In 2007 Iraq’s government began spending a little more than $8,000 apiece on average to buy handheld ADE-651s. By 2009 Baghdad’s Interior Ministry had purchased $85 million worth of junk. More than 1,000 Iraqis were killed and many more were injured by explosions during that period. In 2010 McCormick was arrested on suspicion of fraud by British authorities. He was sentenced to 10 years in prison in 2013 by a British judge who called his business a “callous confidence trick.”
By now, it should be obvious to both Baghdad and Washington that state graft is a serious impediment to fighting ISIS. In December 2014 Iraq ranked as the sixth most corrupt country in the world on the annual Corruption Perceptions Index, produced by the German NGO Transparency International.
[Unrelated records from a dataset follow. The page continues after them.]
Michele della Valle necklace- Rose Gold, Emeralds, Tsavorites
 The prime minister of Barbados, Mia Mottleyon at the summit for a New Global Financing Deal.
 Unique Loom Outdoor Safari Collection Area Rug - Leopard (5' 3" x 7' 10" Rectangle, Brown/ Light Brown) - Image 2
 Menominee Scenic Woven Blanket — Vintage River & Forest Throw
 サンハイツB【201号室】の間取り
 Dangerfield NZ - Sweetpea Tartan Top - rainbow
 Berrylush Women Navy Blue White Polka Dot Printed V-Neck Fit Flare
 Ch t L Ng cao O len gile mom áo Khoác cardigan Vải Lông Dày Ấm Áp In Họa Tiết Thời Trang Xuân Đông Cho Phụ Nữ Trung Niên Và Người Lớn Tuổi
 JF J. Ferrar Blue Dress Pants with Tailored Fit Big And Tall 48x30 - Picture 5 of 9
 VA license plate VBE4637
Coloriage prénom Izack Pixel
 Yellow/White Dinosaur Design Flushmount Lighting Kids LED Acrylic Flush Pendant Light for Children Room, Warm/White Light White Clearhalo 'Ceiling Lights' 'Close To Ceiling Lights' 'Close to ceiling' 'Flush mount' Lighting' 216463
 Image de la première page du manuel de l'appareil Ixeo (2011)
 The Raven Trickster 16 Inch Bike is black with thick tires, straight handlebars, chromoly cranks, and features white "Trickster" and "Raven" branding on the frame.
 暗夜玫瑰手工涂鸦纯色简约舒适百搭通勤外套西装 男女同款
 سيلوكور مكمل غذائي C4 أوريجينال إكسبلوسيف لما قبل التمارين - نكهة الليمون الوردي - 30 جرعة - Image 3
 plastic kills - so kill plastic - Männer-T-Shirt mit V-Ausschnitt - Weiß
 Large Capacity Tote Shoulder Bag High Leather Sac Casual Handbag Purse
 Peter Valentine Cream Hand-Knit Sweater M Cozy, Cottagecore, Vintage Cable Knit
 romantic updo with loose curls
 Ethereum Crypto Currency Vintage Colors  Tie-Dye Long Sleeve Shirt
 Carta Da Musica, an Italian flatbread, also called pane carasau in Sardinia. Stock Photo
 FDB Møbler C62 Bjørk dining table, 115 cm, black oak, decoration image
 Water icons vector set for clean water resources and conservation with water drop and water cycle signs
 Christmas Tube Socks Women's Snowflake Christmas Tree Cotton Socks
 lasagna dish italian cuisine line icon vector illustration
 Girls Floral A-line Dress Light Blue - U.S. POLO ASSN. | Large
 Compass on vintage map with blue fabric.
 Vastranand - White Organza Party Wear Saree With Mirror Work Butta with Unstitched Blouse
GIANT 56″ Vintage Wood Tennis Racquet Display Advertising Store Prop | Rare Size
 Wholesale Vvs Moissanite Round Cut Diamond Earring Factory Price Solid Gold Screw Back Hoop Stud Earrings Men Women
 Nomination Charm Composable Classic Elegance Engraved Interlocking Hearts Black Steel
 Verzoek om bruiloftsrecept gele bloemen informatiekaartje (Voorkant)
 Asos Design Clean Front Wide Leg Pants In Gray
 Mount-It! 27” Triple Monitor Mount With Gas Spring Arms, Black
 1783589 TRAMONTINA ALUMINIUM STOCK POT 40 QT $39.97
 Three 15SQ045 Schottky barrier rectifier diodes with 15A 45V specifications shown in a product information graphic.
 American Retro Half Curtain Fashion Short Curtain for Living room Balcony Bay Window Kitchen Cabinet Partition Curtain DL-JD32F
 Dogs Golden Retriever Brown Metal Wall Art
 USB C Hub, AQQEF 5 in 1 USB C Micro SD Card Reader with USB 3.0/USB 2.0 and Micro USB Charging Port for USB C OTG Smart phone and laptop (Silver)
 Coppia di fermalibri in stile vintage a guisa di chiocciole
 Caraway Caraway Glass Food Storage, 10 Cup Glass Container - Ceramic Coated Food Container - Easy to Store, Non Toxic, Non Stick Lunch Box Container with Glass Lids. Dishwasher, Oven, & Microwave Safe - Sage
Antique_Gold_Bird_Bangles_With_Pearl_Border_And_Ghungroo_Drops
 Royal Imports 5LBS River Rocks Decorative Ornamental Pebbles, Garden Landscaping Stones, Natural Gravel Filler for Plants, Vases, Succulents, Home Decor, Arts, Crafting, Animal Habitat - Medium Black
And despite a new prime minister who has pledged to fight corruption, there is little evidence of systemic reform.
“The government in Maliki’s era was corrupt and strong; now it is corrupt and weak,” said Dr. Abbas Kadhim, a senior foreign policy fellow at Johns Hopkins University, in a recent interview about the legacy of former Iraqi leader Nouri al-Maliki and current Prime Minister Haider al-Abadi.
Baghdad’s corruption, observed the journalist Sajad Jiyad, “is so organized and so entrenched that even the highest authorities tread carefully.” Jiyad related an anecdote from his trip to Iraq at the beginning of the year about a military procurement officer attempting to steal tens of millions of dollars intended to buy bulletproof vests for security forces while making an extra profit selling knockoffs of the vests he never purchased.
The U.S. is now training the Iraqi army as it did for almost a decade while the U.S. military occupied Iraq. Yet despite the previous years of training and $25 billion spent on the effort, Iraq’s military collapsed in the face of ISIS’s initial onslaught last year. Zaid Al-Ali wrote of the Iraqi military’s performance in Tikrit, as witnessed by a resident of the city who saw it captured by ISIS: “a contingent of just thirty militants in seven vehicles had seized control in the time it took him to have his nap. Iraq’s security forces, on which 100 billion dollars of Iraq’s money had been spent between 2006 to 2014, had simply melted away.”
That legacy continues in the description Al-Ali provides of Tikrit’s post-liberation fate:
“One month after ISIS’s defeat, many locals who had left still consider it too dangerous to return to Tikrit. Since the liberation, hundreds of criminals have been operating freely, looting and destroying property. In one district, more than a quarter of the homes were destroyed after its liberation, and reports of property destruction are still coming in. The elected provincial council and the governor have not been able to return to the city. Municipal services have yet to be restored and few businesses have reopened. Many Tikritis are furious at the army and the police’s failure to restore order, and the government’s refusal to acknowledge the problem.”
There are far larger battles still to be fought. Mosul, ISIS’s stronghold in Iraq, is more than 10 times larger than Tikrit in square miles. It’s also farther from Baghdad’s supply lines and military headquarters. Meanwhile, ISIS is resurgent in Anbar province. Retaking territory will require Baghdad to field a fighting force among disparate groups—Sunni tribes, Shia militias, the Kurdish Peshmerga, and the uniformed military—that range from mutually suspicious to hostile. There’s not enough money in Baghdad, or coming from outside, to buy all their loyalty. Convincing these groups to join in a unified effort will require the skill to arbitrate between their claims and persuade them to believe in the pledges coming from the government, if not yet its final legitimacy. Dropping the magic wands is only a first step.